Emping dari Garut Pilihan

Untuk memproduksi 1 kg emping garut mentah, diperlukan 5 kg umbi garut. Sedangkan 7 kg umbi garut dapat menghasilkan 1 kg pati garut.

Di Kecamatan Gesi terdapat lebih dari 100 pengrajin emping garut. Untuk tetap eksis di tengah persaingan,  ”Kami sangat menjaga kualitas produk yang kami hasilkan,” kata ibu dua putra ini. Dia mencontohkan, hanya garut pilihan yang digunakannya untuk membuat emping.

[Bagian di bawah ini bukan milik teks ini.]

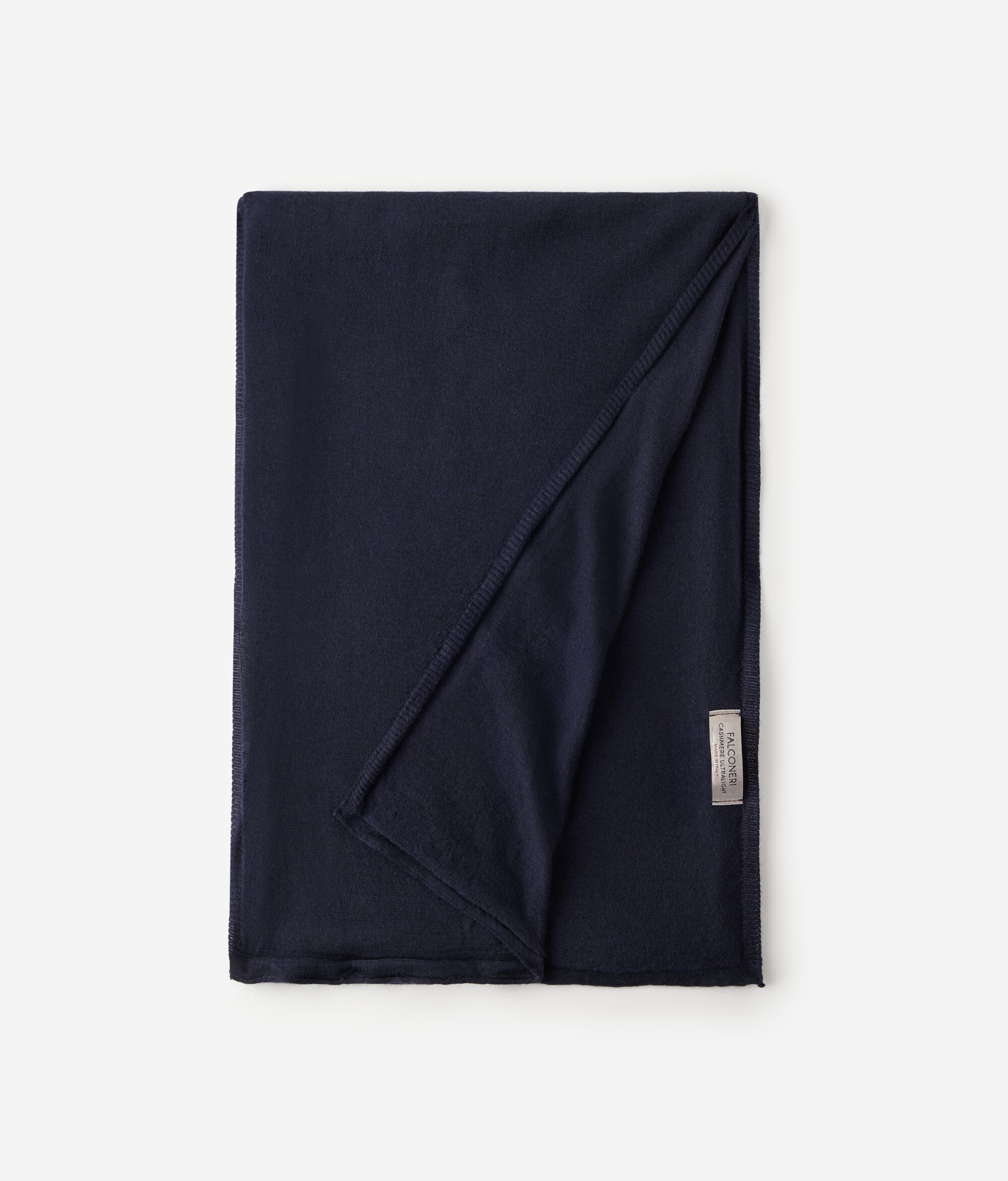 Ultrafine Cashmere Scarf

 ” Emping berkualitas terbaik memiliki serat yang tidak kasar,” tambahnya. Jenis ini, tipis dan terasa renyah bila dikunyah, dan tidak menyisakan serat garut yang khas di mulut. Maka dari itu, harganya relatif lebih mahal.Ny. Henry mematok harga Rp. 18.500,00 per setengah kilogram untuk jenis ini.  Untuk jenis yang lebih tebal namun tidak menyisakan serat, Ny. Henry memasang harga Rp. 17.500,00 per setengah kilogram. Sedangkan emping yang menyisakan serat di ahir kerenyahannya, adalah yang paling murah, yaitu Rp. 12.000,00 per setengah kilogramnya. 

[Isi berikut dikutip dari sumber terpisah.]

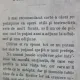 Orfana din Moscova sau Juna Institutrice de d-na Voillez, traductiune dupe a XXI-a editiune de Leon Luzzatto si dedicata scolelor romane de fete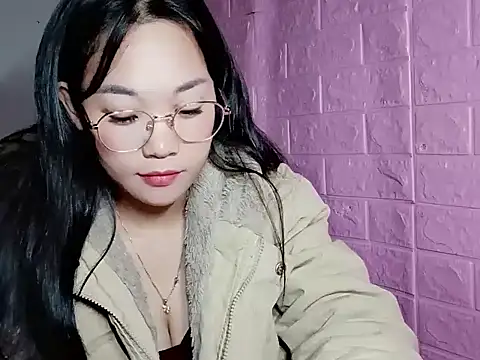 Snapshot of Maimai00 chatting on November 24, 2:28 pm Maimai00 online show from November 24, 2:28 pm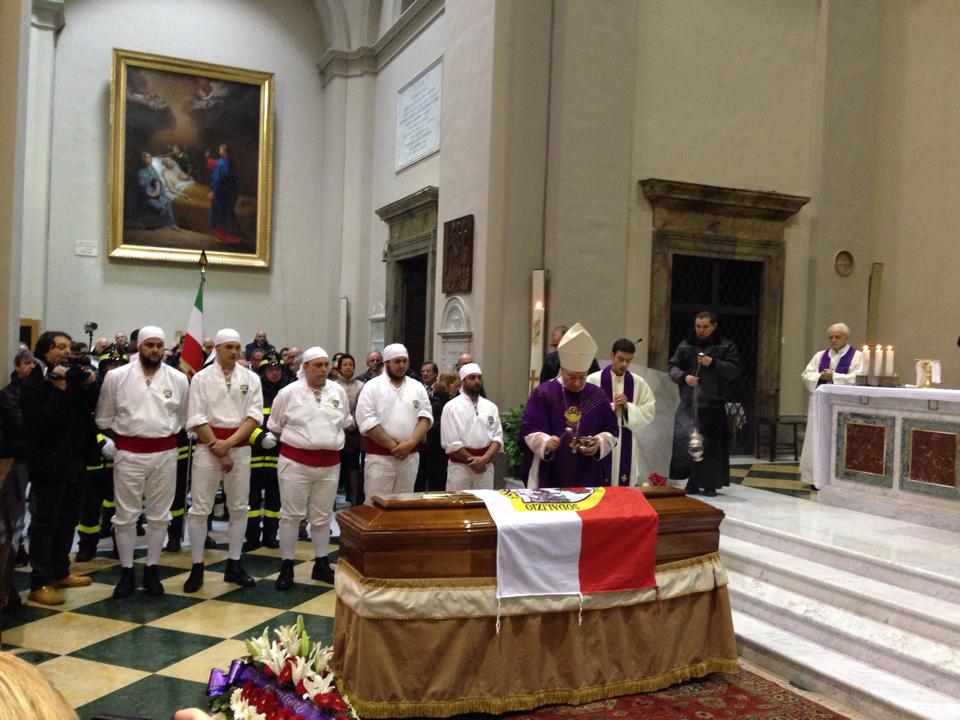 Funerali Nello Celestini 03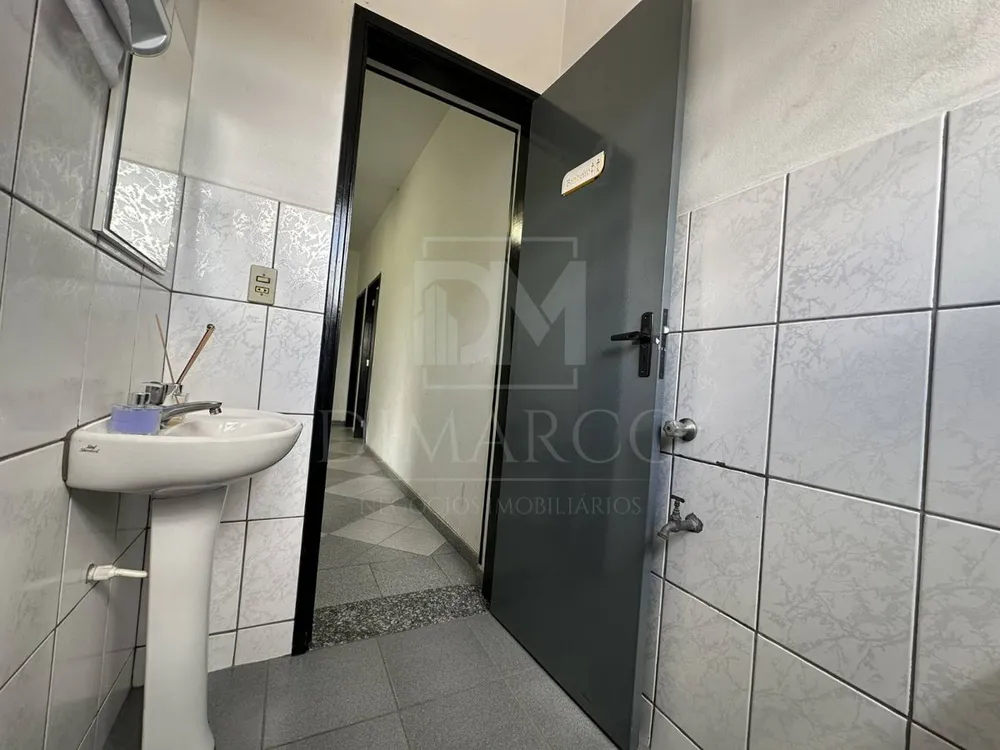 Sala-Conjunto, 38 m² - Foto 7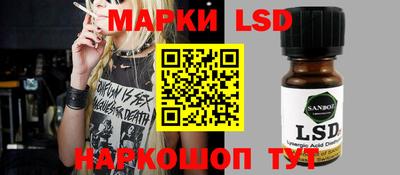 MDMA Свободный
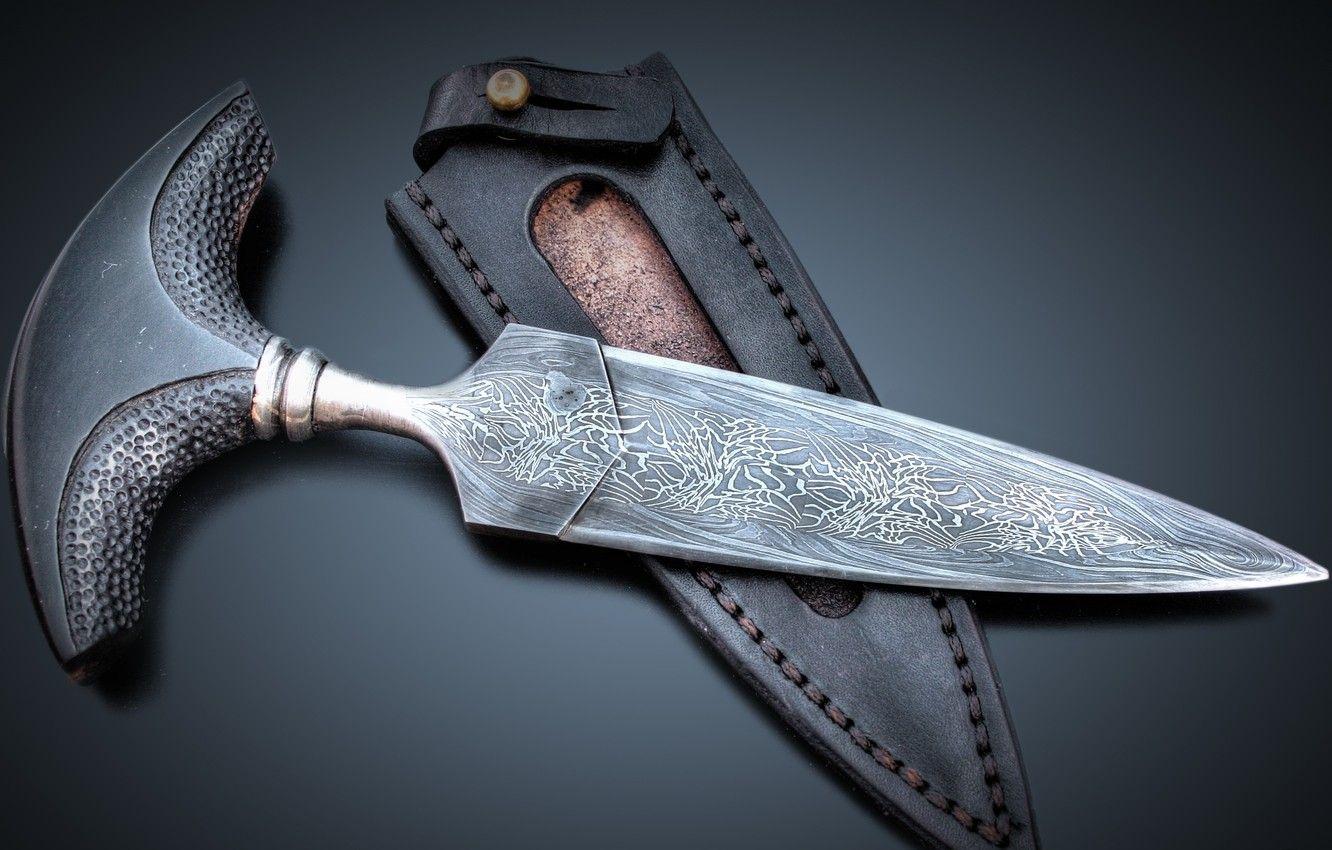 devil daggers wallpaper devil daggers wallpaper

Emping keluaran Ny. Henry juga digoreng dengan menggunakan minyak goreng pilihan.  Alhasil, walau tidak menggunakan bahan pengawet dan penyedap masakan, emping ini memiliki rasa lezat dan tahan lama atau tidak cepat tengik.

Selain emping, home industri ini juga membuat pati garut. Bahan yang berkhasiat menyembuhkan penyakit maag ini dijual Rp. 16.000,00 per setengah kilogram. Pati garut ini juga dapat diolah menjadi berbagai macam makanan kecil, bubur,mie, keripik, kerupuk, bahkan kue tart.

 

Kendala bahan baku

Ketika _diskominfo mendatangi rumah yang sekaligus menjadi pusat usahanya, tampak puluhan karung emping garut siap edar berjajar rapi di ruang tengah. Masih banyak lagi emping garut yang sedang dijemur di bawah terik matahari. Di tungku, ada beberapa panci besar berisi garut rebus siap gepuk. Seorang kerabat Ny. Henry tampak sibuk menggepuki  garut rebus itu di sudut rumah. Hasilnya, garut-garut gepeng terlihat tharik-tharik  di sekitar tempatnya duduk.

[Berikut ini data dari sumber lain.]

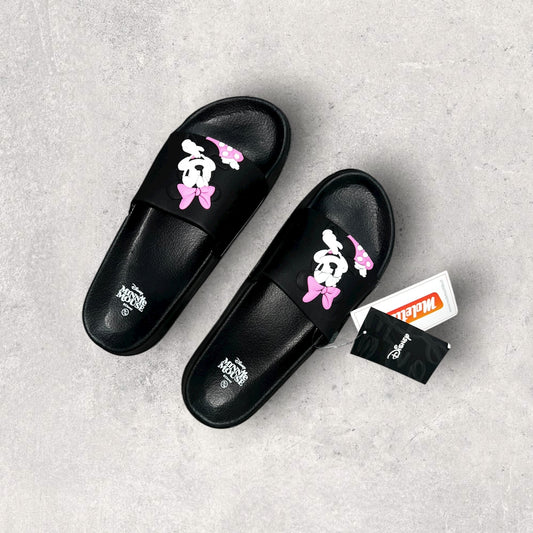 Sandalias Disney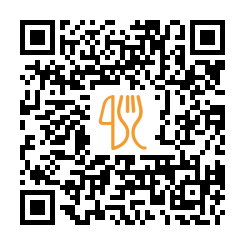 Enlace de código QR al menú de Ełczanka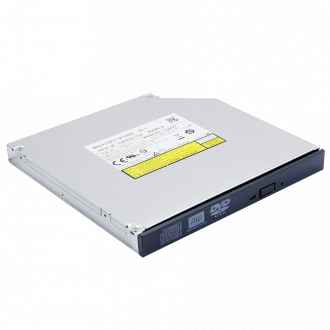 MATSHITA DVD-RAM UJ8B0AW Troubleshooting.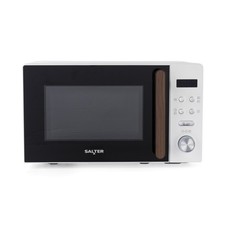 Salter Digital Microwave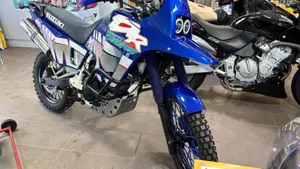 Suzuki DR Big 800 S  (6)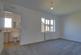 Additional image 9 of Eagle Close, Bridlington YO15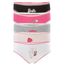 Kit-de-5-Calcinhas-Barbie-Multicor-8336603-Multicor_1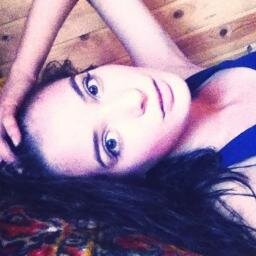 she_sohigh's profile picture. Die die die my darling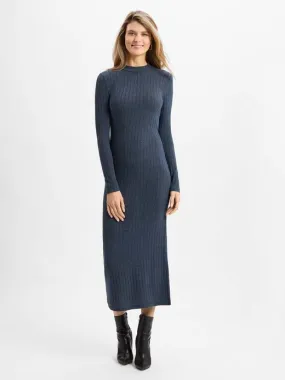 Damen Strickkleid - NMVillage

Beberapa tumpukan umbi garut yang telah dipisahkan menurut ukurannya, juga tampak tertata rapi di sisi lain rumah itu. Melihat pemandangan ini, tak terbayangkan darimana saja umbi garut sebanyak itu berasal. Juga betapa tiap keping emping ini lahir dari buah ketelatenan.

Ternyata,  pengrajin emping garut tak dapat menjalankan usahanya sepanjang tahun. Pemandangan tumpukan umbi garut yang melimpah seperti yang terlihat sekarang ini, tak terjadi setiap waktu.  Umbi garut sebagai bahan utama pembuatan emping garut, hanya ada  mulai bulan Juni sampai sekitar bulan Oktober. ” Adanya musiman, mbak,” ujar wanita ramah ini. Akibatnya, permintaan konsumen tidak selalu dapat terpenuhi di luar bulan itu. ” Seringkali konsumen kecele  karena memang bukan musim garut, dan kami tidak memproduksi emping maupun pati,” tambahnya.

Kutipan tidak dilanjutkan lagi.